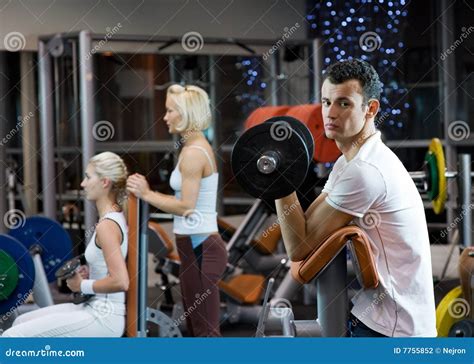 People Working Out In A Gym Stock Photo - Image: 7755852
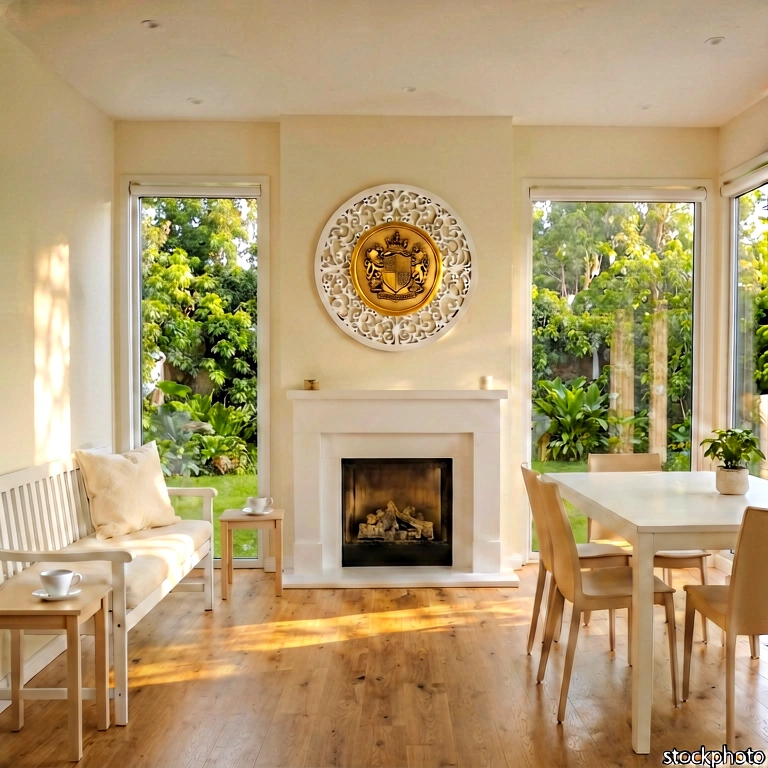 Warm living room - modern interior free stock photo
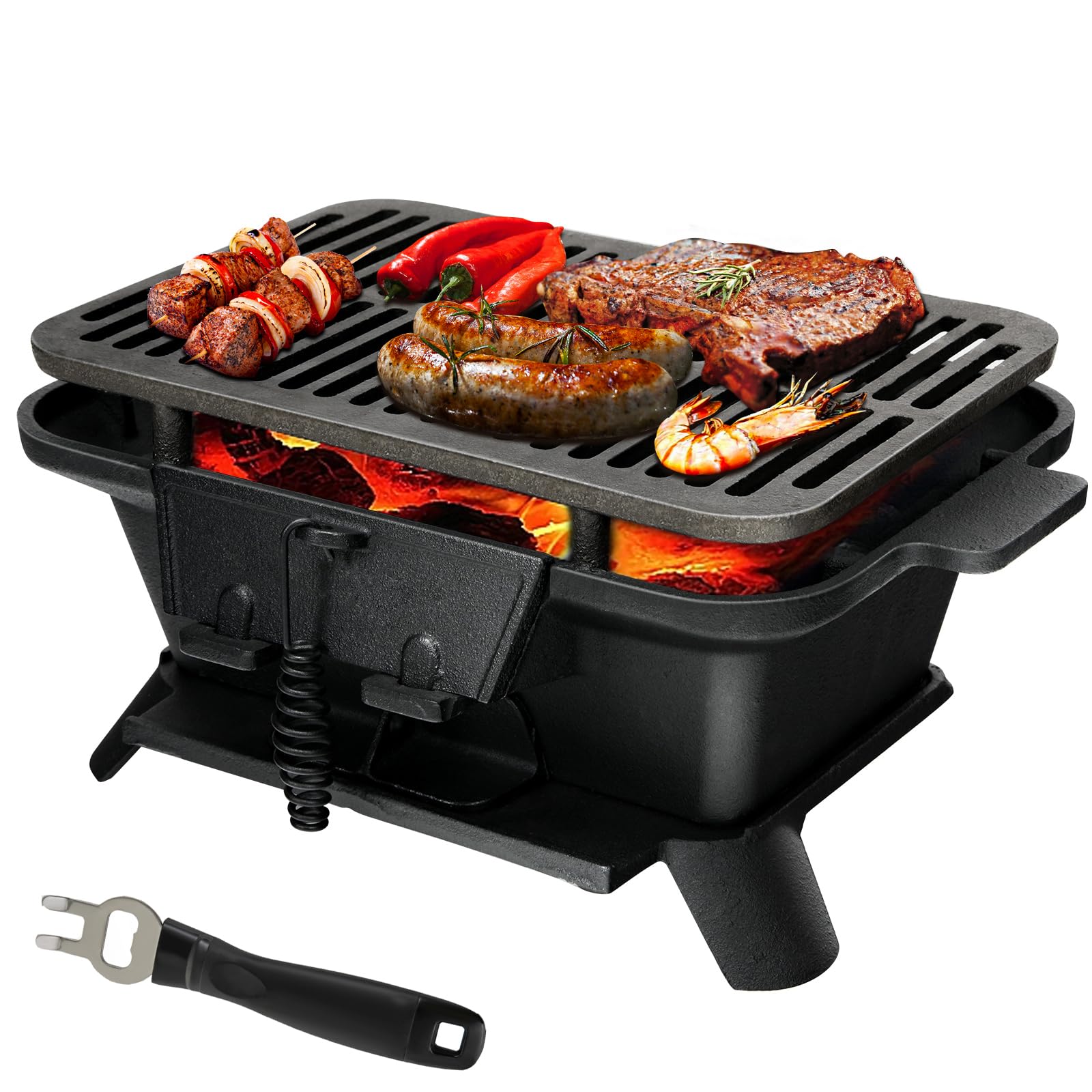 Giantex Portable Charcoal Hibachi Grill - Double-Sided Cast Iron BBQ Grill with Adjustable Air Vent, Fire Gate & Grate Lifter - Perfect for Outdoor Cooking, Camping, Picnics & Backyard Barbecues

________

PROBLEM STATEMENT: Since the pictures are not wanted, repeat only the rest of the material, exactly as given.

RESPONSE TO THE EXERCISE:
 People Working Out In A Gym Stock Photo - Image: 7755852
 Warm living room - modern interior free stock photo
 Giantex Portable Charcoal Hibachi Grill - Double-Sided Cast Iron BBQ Grill with Adjustable Air Vent, Fire Gate & Grate Lifter - Perfect for Outdoor Cooking, Camping, Picnics & Backyard Barbecues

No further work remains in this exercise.